I have to say that watching this one was a bit of a mixed bag for me. The story of a new arrival in a seemingly haunted mental ward... on the one hand it does what a Carpenter movie, when he’s got his “strictly horror” head on, does best... it does make you jump a fair bit. On the other hand it really is an obvious movie to watch (the only surprises being which side of the screen the next jump is going to come from) and not very far removed from those old psycho-babble Hollywood productions of the 40s and 50s where studios were using their “new found confidence” in various psychological symptoms and either simplifying them or just plain getting them wrong and using that to hang a thrilling plot of a movie on... the absolute best of that particular bunch and one I would urge everyone to watch, even though it’s as guilty of “crimes against psychology” as the next movie, is Alfred Hitchcock’s Spellbound. That’s a really great one (and try to get a print with the 12 frames of red in it).
And that’s the real problem with this movie, I think... at least from my point of view. There’s a really obvious, almost Scooby-Doo explanation for everything that’s going on in the film and I did kind of feel that my intelligence was being insulted to a large degree while I was waiting for the next-big-scare. You are almost certainly going to guess the “twist ending” to the film which involves the discovery of, well, a large number of multiple personalities and I can’t help but think that this movie is aimed, as most movies are these days, largely at a teenage audience... I don’t think even the director would argue with that. After all... only teenagers go to see scary movies, right?

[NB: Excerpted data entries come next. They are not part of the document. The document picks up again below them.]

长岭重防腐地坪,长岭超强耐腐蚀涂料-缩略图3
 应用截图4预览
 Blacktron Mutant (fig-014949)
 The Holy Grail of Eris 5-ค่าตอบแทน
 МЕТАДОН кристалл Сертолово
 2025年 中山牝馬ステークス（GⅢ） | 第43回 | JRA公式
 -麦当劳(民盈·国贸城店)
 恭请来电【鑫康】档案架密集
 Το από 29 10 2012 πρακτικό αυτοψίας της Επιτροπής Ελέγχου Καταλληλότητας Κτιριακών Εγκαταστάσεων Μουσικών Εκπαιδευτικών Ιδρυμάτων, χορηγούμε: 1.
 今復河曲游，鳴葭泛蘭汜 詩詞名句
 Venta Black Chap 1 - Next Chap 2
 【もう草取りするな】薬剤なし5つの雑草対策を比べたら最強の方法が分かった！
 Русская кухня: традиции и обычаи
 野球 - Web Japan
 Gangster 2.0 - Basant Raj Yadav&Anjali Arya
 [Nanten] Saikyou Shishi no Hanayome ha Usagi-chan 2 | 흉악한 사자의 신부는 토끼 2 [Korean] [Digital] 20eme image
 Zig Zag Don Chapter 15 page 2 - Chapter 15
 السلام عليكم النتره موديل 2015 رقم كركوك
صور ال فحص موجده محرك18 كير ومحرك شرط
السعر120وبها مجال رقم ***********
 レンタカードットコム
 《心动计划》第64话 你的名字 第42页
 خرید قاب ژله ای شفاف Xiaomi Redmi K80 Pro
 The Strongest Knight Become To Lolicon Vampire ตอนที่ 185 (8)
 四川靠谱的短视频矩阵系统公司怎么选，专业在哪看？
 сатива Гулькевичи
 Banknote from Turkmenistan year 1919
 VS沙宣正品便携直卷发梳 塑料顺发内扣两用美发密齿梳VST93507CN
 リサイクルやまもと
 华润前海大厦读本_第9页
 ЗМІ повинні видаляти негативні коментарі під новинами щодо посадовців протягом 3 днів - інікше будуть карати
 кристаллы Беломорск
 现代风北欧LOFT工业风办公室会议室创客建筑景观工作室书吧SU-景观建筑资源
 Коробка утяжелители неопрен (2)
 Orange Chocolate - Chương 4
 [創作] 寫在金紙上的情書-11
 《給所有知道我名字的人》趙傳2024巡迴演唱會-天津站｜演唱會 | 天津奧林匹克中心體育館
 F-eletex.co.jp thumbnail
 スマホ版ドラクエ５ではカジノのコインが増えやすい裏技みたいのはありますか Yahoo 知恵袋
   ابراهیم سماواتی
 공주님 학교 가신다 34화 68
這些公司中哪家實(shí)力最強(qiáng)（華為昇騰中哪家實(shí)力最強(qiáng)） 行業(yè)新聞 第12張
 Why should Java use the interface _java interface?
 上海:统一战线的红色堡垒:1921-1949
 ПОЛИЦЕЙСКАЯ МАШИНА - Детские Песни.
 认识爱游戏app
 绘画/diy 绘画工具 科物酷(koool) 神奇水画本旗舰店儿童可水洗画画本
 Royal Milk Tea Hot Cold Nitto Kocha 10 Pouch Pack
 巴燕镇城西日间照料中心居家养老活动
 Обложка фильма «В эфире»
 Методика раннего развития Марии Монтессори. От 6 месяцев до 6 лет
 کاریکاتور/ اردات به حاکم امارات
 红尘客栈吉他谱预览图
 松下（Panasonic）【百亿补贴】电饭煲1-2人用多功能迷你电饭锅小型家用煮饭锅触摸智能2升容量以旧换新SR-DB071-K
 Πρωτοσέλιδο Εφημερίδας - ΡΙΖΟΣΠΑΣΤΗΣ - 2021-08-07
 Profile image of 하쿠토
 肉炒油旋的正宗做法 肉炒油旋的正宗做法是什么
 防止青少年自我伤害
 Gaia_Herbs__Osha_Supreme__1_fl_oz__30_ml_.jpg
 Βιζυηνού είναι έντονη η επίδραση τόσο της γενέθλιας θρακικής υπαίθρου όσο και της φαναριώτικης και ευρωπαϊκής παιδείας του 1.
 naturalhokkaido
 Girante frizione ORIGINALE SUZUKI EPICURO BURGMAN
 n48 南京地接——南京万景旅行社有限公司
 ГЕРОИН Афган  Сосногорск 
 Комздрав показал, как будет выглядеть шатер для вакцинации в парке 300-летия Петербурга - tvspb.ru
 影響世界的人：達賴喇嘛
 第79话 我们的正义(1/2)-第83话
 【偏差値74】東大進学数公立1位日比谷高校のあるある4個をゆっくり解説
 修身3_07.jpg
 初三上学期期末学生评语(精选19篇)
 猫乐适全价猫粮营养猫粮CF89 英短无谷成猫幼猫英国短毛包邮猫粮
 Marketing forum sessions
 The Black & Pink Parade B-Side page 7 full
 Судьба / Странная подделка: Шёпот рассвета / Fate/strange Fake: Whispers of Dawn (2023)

But, take away the inadequacies of the plotline and you have another layer which I think (hope) was a stylistic intention of the movie rather than a lack of coverage during the shoot. And that is the fact that the film tends to jump around and play fast and loose with making clear certain events. It’s almost like it’s jump cutting around the little bits of information it doesn’t want you to overtly know yet. At first I thought this was Carpenter playing around with the fragmentary/splintered nature of the human psyche as it is portrayed here (and that may well have been his artistic intent with the editing style on this one) but after I realised what the end of the movie was going to be, I also came to the conclusion that, had Carpenter let certain scenes play on, they would reveal the twist to the movie almost straight away (which he kind of did anyway... obviously).
This is not to say in any way that The Ward is a clumsy film... far from it. As usual for a Carpenter film, the lighting and shot compositions and manipulative, pulse-like music are all top notch... I just think the film suffers from maybe having a badly written script... or possibly a great script that just doesn’t translate too well to the screen. Either way I was fairly torn as to how I felt about it... The Ward was the second film I’d seen last week to deal with protagonists with a steadily weakening grasp on their own reality (the other being Black Swan). I think on the whole I have to say that The Ward was a pretty fun watch... surefooted in it’s mise-en-scene and it did make me jump in a few places (that definitely gains it brownie points in my book) but I think it’s possibly one purely for die hard Carpenter fans or people who can easily dismiss the over-wrought plot line.
I’d certainly buy the DVD of this one... but I’ll wait until it hits the sales before making that purchase. I just hope this one moves some box office so Carpenter is encouraged to get back in the Director’s Chair more often... it’s been kinda lonely for horror fans without his new movies coming to visit.